The telephone was first seen as a replacement for
the telegraph. Advertisers pointed out that
telephones were better for transmitting news,
ordering groceries, and sending urgent messages.
Brevity had been awfully important in using the
telegraph, and that attitude carried over to the
telephone. Gossip and chit-chat were discouraged.
Telephone companies complained about frivolous use
of telephones and told their users to be
businesslike. Their machines were, after all,
important.
Not until the 1920s did the telephone companies
catch on to what people really wanted from this
wonderful machine. They wanted to be drawn into a
kind of living tether with one another. The Bell
Company started telling long-distance customers,
"Your voice is you!" In the 30s, AT&T first
suggested that we "Reach out and touch someone."

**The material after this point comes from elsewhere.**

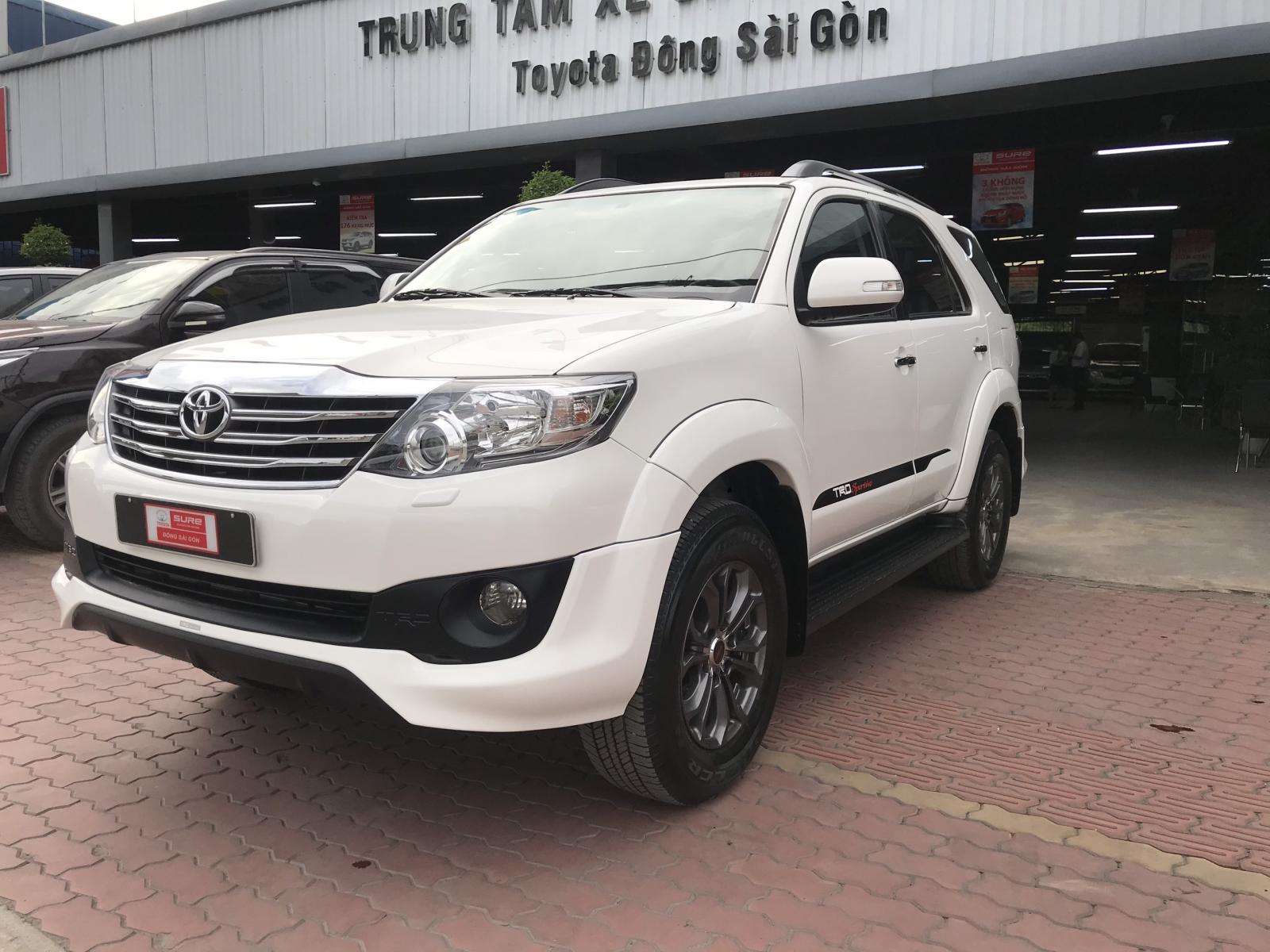 Toyota Fortuner 2.7V  2014 - Cần bán gấp Toyota Fortuner 2.7V 2 cầu bản TRD 2014, màu trắng siêu chất - giá cực tốt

And today, even in business, that's how we use
telephones. Telephones unite our scattered families
and keep friendships alive.
Oddly enough, Alexander Graham Bell himself
predicted the social use of the telephone, but its
early makers and users didn't see it that way. It
used to bother me that, up to the day he died, my
father never could relax and chat with me on a
long-distance telephone call. It took the next
generation to see that the inherent use of the
telephone was social.
Our tools teach us. They drive our minds and evolve
their own roles in our lives. Some do it more
quickly than others. It took a long time for the
telephone to explain itself to us.
I'm John Lienhard, at the University of Houston,
where we're interested in the way inventive minds
work.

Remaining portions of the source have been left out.